The better poems in this book, to my mind, are those whose claims for poetic power are implicit and performed rather than explicitly named. “Gingerbread with a Mirror and Sibiu,” for example, allegorizes city towers, mapping a surreal city and a moral universe at once. In this poem, Ursu’s imagery and juxtapositions, the unexpected turns of her lines and sentences, effect a new and renovating vision:

The person who builds the shadow before the house
gave us his rope knotted
once for each of time’s hearts
then asked us to forget him.
Just like the cellist who kissed my ear
He told me he could hear the sea inside its shell
‘A place unspoiled by noise and kisses may your ear be,’ my grandmother said
while she chopped parsley and let it shower
our family’s soup.

Other poems, like “Poem with Birch Gate” and “Letter to My Son, Mihnea-Dan,” turn that vision on the histories – recent and more distant – of the poet’s Balkan home (the section of the book is titled “Balkan Golgotha)” while a series of poems on and addressed to Ovid exemplify the strong bonds of sympathy and influence Ursu shares with important predecessors (not only the Roman poet exiled to Constanta on the Black Sea, but also Cavafy, Elytis, and others).

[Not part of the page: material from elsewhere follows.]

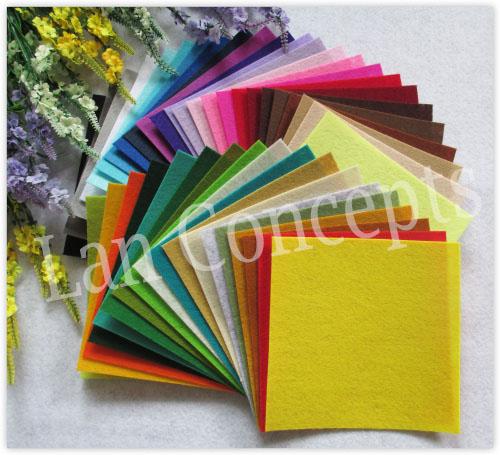 Free shipping DIY Polyester Felt Fabric Non-woven Sheet for Craft Work 42 Colors - 150x150x1mm 210pcs/lot LA0073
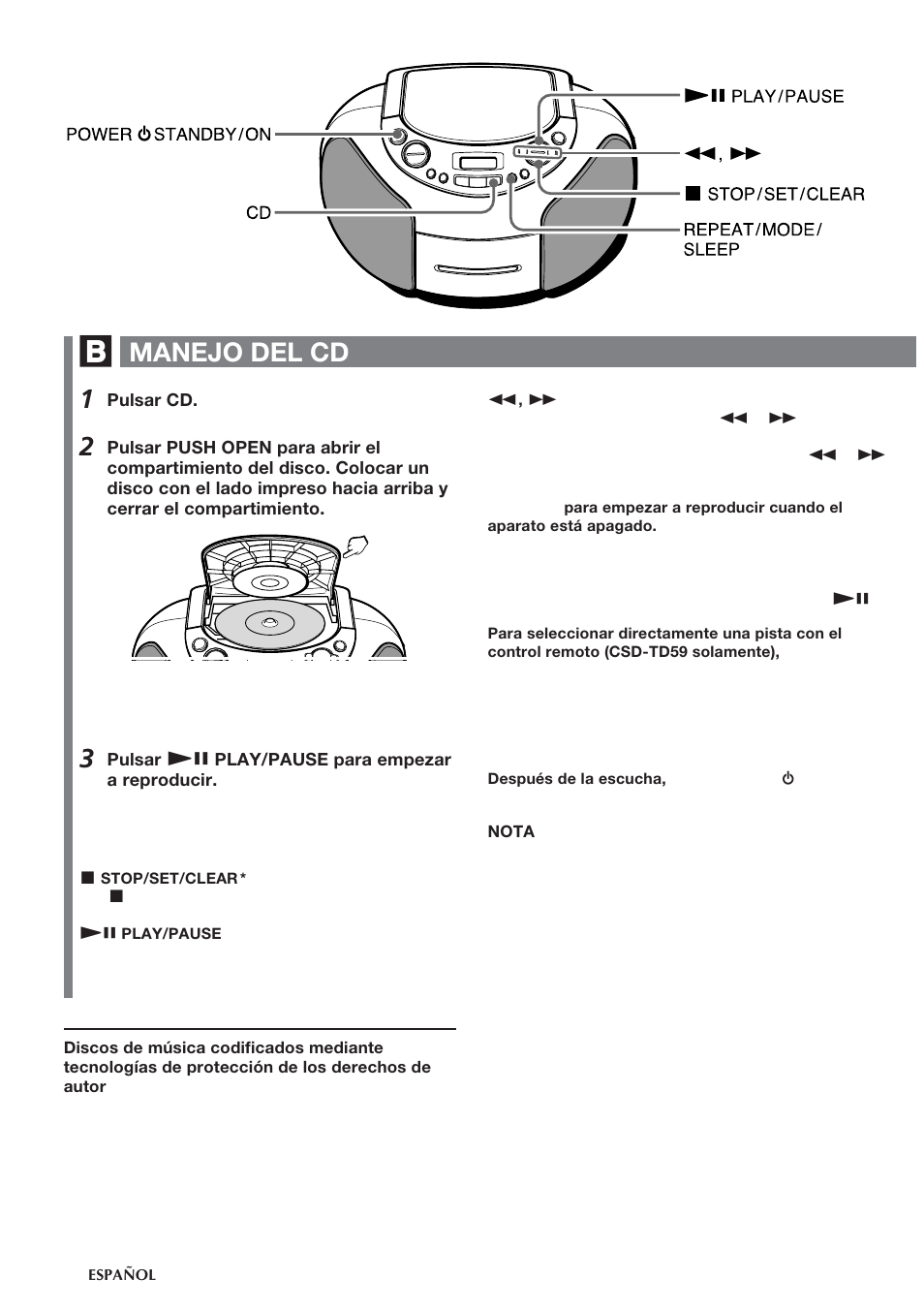 Manejo del cd | Aiwa CSD-TD55 User Manual | Page 18 / 36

While I’m not sure (the Pill’s expertise on this score is, alas, limited) whether she is, as Matthew Zapruder has called her, “one of Central Europe’s foremost living poets,” I certainly see the basis in these strongest among Ursu's new poems for the judgment of Tomaz Salamun (my own favorite living Central European poet) that she “makes the Black Sea again” and “expands the places of myth.”